Considérations finales

     Somme toute, en Haiti, nous sommes confrontés à des problèmes graves et profonds: ceux de la perversité et de l´impunité sont les plus courantes. Malheureusement, certaines perversités produisent, dans des circonstances historiques particulières, des effets positifs. C´est ce qui s´est passé avec M. Martelly. En effet, en l´ayant empêché de passer aux festivités carnavalesques depuis son arrivée au pouvoir, M. Martelly a imposé une sanction injuste et injustifiée au groupe Brothers Posse, à cause de son chanteur vedette Don Kato qui, pour des raisons que l´on ne sait pas, s´est fait l´opposant farouche du régime en divulguant des méringues carnavalesques polémiques. Conséquemment, cet acte, au lieu d´avoir détrui et anéanti l´artiste, a de préférence renforcé et raffermi sa popularité. En plus, il est aujourd´hui ''sénateur'' si l´on tient compte qu´il est issu des niaiseries appelées maladroitement  ''élections'' des 9 août et 25 octobre 2015. Que serait le renforcement de la célébrité de Don Kato sans les imbécilités de M. Martelly?

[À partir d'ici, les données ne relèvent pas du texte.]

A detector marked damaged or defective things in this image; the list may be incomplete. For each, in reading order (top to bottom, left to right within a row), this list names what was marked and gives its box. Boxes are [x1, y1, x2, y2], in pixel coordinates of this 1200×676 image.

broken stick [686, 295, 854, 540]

     D´autre part, concernant Jean Monard et Liliane, la méringue a servi de stimulus pour montrer la profondeur et l´immensité de l´affection, de l´amour et de l´attachement fidèles et infinis d´une grande branche de la société à ces deux journalistes. Il fallait que cela arrive pour comprendre que la société n´a pas totalement lâché prises face aux malversations. Des brins d´espoir de la lutte contre les débauches et les perversions bourgeoises luisent encore sur Haiti. On n´a pas tout perdu. Cette méringue honteuse a fait suite à de nombreuses initiatives et soirées d´hommages tant en Hait qu´à l´étranger en l´honneur de ces deux valeureux et courageux journalistes. En fait, cela exprime la volonté de la société de rompre avec ces pratiques malsaines et répugnantes en périodes carnavalesques afin de faire du carnaval la fete culturelle et artistique embélissante et merveilleuse qu´elle était auparavant. Est-ce le signal d´un combat collectif contre l´impunité dont nous avons soif qui s´annonce? Je l´espère. Car, il n´est jamais trop tard pour inicier une révolution contre quoique ce soit y compris la méringue fétide de M. Martelly.

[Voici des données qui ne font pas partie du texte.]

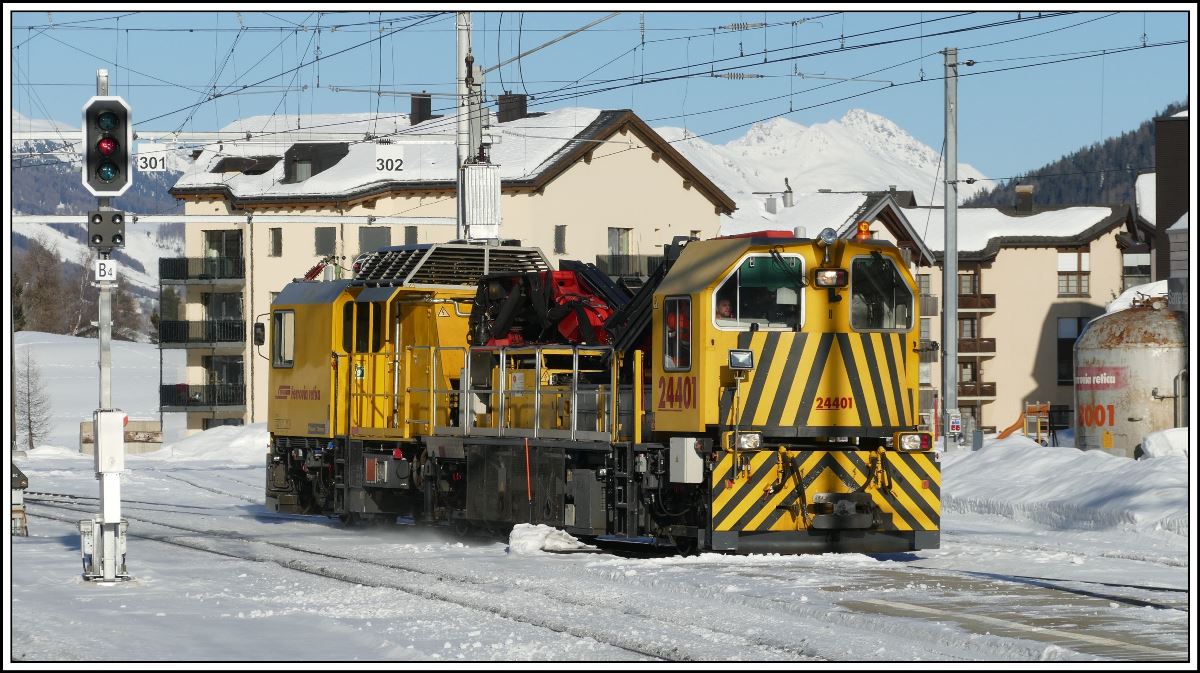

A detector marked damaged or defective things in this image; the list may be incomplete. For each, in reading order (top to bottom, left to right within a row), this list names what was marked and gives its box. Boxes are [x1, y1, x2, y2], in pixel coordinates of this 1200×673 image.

rusty tank [1075, 297, 1185, 458]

     Néanmoins, qu´il ne s´agisse pas d´un combat deux poids deux mesures, que ce soit un vrai combat contre l´impunité que nous offre cette méringue révoltante. Certes, ses impacts sont plus forts et désastreux à cause de son personage et de l´institution qu´il incarne, mais, le plaçant dans son statut de simple citoyen, il est justiciable à tout acte qui lui est reproché. Autant de dire que d´autres groupes qui auraient l´intention de reproduire ces dérives doivent être touchés par cette sanction collective que nous voulons tous.